Why does our heart go out to beauty?
Think of a little white puppy with floppy ears and big eyes. The protective instincts flare up in all their glory. We instantly imagine ourselves to be the savior of the little one in need of love and keep him away from life’s vagaries and whims. But what if instead of a cute little puppy it is a woman. Not beautiful by standards defined by society. Maybe dark skinned. Maybe fat. Maybe with a scar on her face and graying wispy hair with no make up. Our first reaction is repulsion at the perceived ugliness. Second is of judgment.. she ‘let herself go’. And the third is indifference. The puppy maybe rabid with the capacity to kill and the woman may be the kindest person you ever met. Or she could be very rich and beneficial to you if you were to be nice to her. But a quick judgment call is made.
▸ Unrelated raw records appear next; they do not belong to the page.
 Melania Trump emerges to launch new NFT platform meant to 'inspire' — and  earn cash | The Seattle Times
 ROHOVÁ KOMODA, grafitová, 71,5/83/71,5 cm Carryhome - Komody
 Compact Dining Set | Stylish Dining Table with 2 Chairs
What irks me most is, we do agree there is beauty in the wrinkles of our mom’s hands. Or there’s beauty in an arid desert landscape. Or in a wild thunderstorm. Or a snow covered mountain. A sunny day with blue skies and fluffy clouds is beautiful. A snowy day is beautiful and a wet day in Venice is equally beautiful. Even a pug is considered adorable. Nature with her inconceivable antiquity and incredible and inhabitable extremes manages to make herself beautiful to us. In all her forms. Then why are the standards so stringent and narrow minded when it comes to human beauty and then especially physical beauty for women? Everything in nature is considered exquisite. Everything that tries to mar it is ugly. Then how come we have the exact opposite standards for ourselves. Everything that we are born with, we are hell bent on changing.
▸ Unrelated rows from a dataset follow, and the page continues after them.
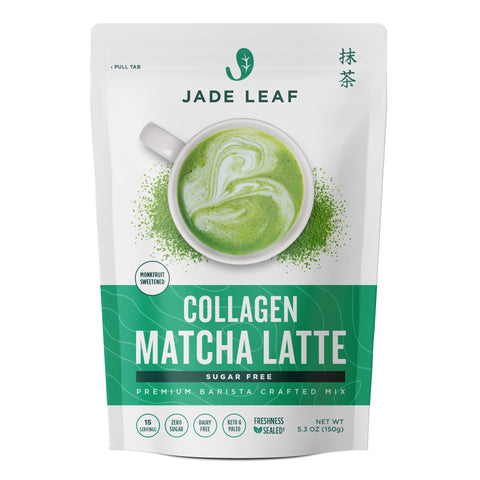 Collagen Matcha Latte Mix - Sweetened (Sugar Free) - 5.3oz (15 servings)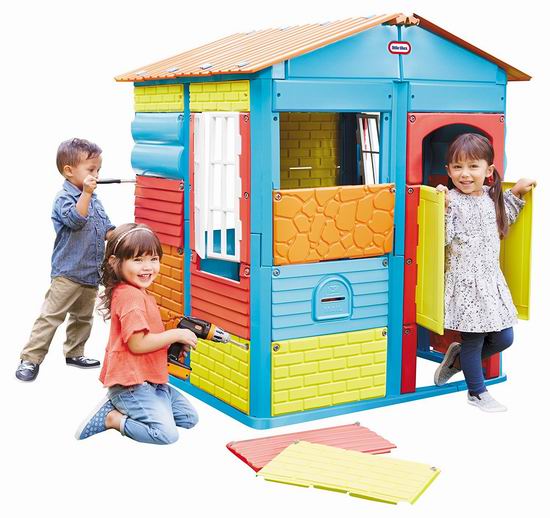  白菜价！历史新低！Little Tikes 小泰克 Build-a-House 儿童DIY玩具小屋2.6折 90.56加元包邮！
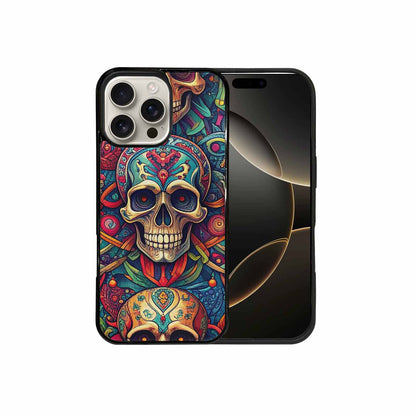 iPhone 16 Pro Max Case — Sacred Geometry Lots Of Skulls Seamless, Personalized Phone Case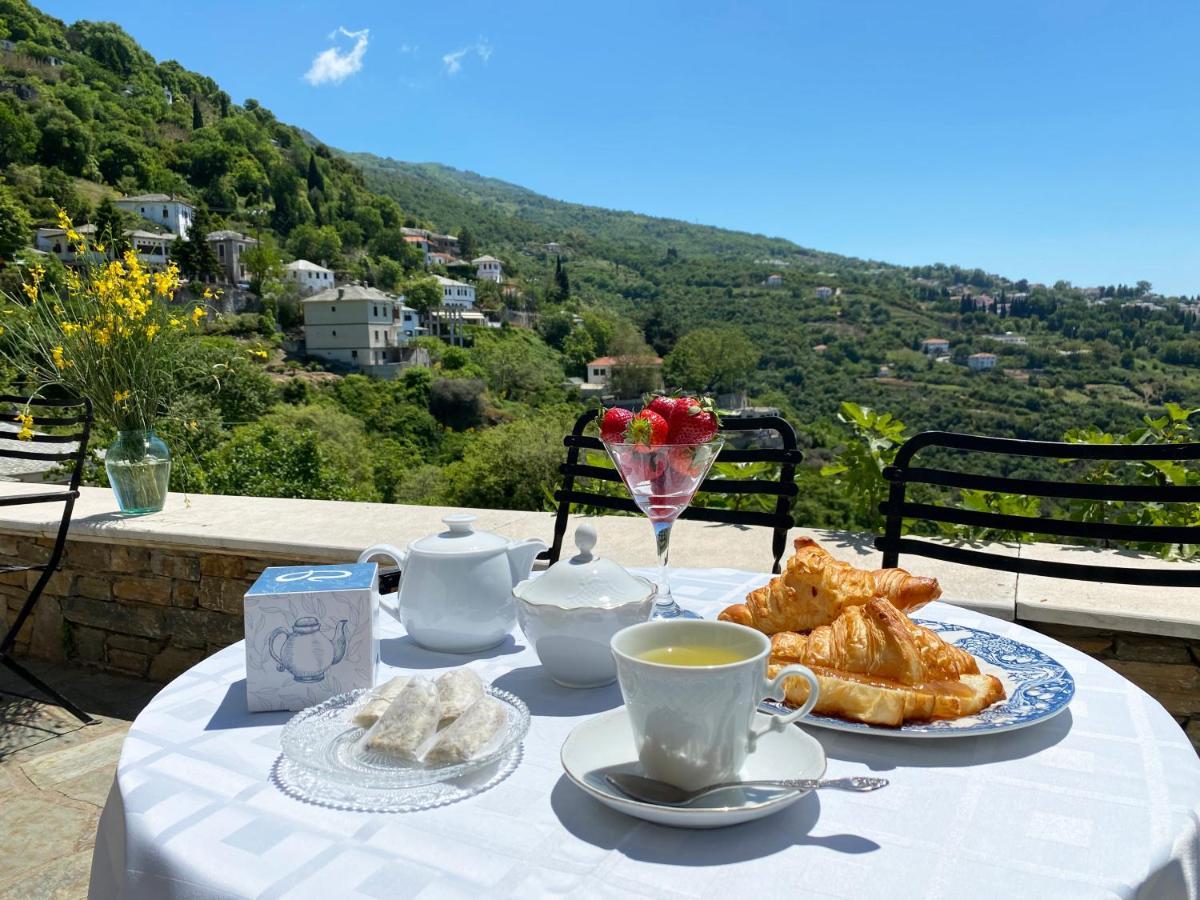 Archontika Karamarlis Hotel Makrinitsa Bagian luar foto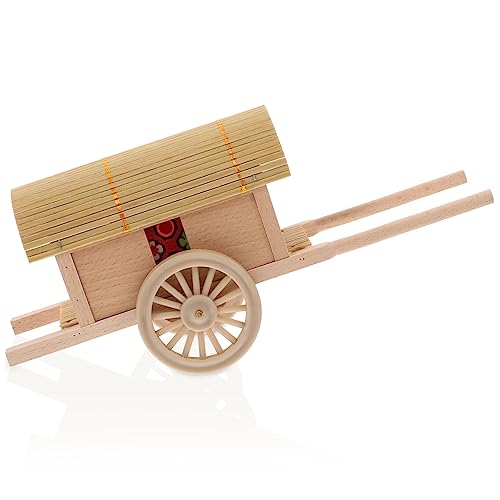 CVUTOVO Miniatur Holzwagen Modell für Kinder Realistische Kutsche als Bürodeko Tischdekoration Spielzeug für Puppenhaus Geschenkidee für Kinder CVUTOVO Miniatur Holzwagen Modell für Kinder Realistische Kutsche als Bürodeko Tischdekoration Spielzeug für Puppenhaus Geschenkidee für Kinder von CVUTOVO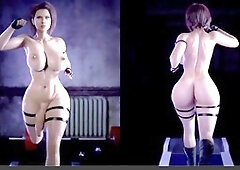 Lady Thor responds to man-meat with her huge futa cock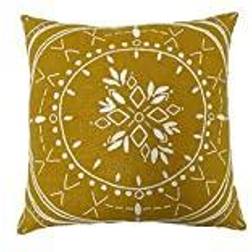 Furn Mandala Poly Cushion Ochre Complete Decoration Pillows Orange, Yellow, White (45x45cm)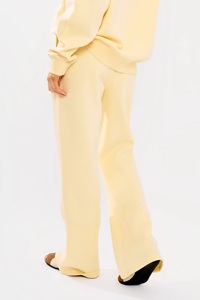 ชุดวอร์มสีเลมอน ผ้าเนื้อหนา ปักลาย สำหรับผู้หญิง ใส่ได้ในฤดูหนาว - Product Image 4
It’s not something that I talk about but something needs to be said. Only so that I can put it behind me. (Did you forget, it’s all about me! :D) Well, I had the worst classmates in engineering college. We were about 5 girls in a class of 60 with the rest of them being mean spirited, competitive guys. And I was the butt of relentless jokes. In all forms. Why? Because I was not one of the pretty girls. So I did not hold the attraction. So what to do with me? But make fun. I had a friend tell me that no guy will ever date me. And as a starry eyed 19 year old, it was quite a devastating statement coming from someone who was among my favorite people up until then. But times change, we grow up and things change. I learnt to forgive the careless remarks. What I never learnt was to forgive myself for being something less than what a woman is expected to be. And to actually realize that what he said was his opinion, not the truth. All the way up till now.
And now, I don’t care. I refuse to live by the ideals that society forces upon women. More often by women themselves. I refuse to have body image issues. I refuse to feel inferior to anyone else because I don’t fit in the cultural definition of beauty.
I get one life to live. It’s wonderful. And I refuse to let so-called social definitions to ruin it for me in any way..
PS: I have had this post in my draft box for a couple of days now. Worried whether I am sharing too much. Especially because a lot of people who I know in real life read this blog. But to hell with it. And as a disclaimer, I am not sad or depressed or dealing with self-esteem issues. I am just plain angry that I let this bother me for so long.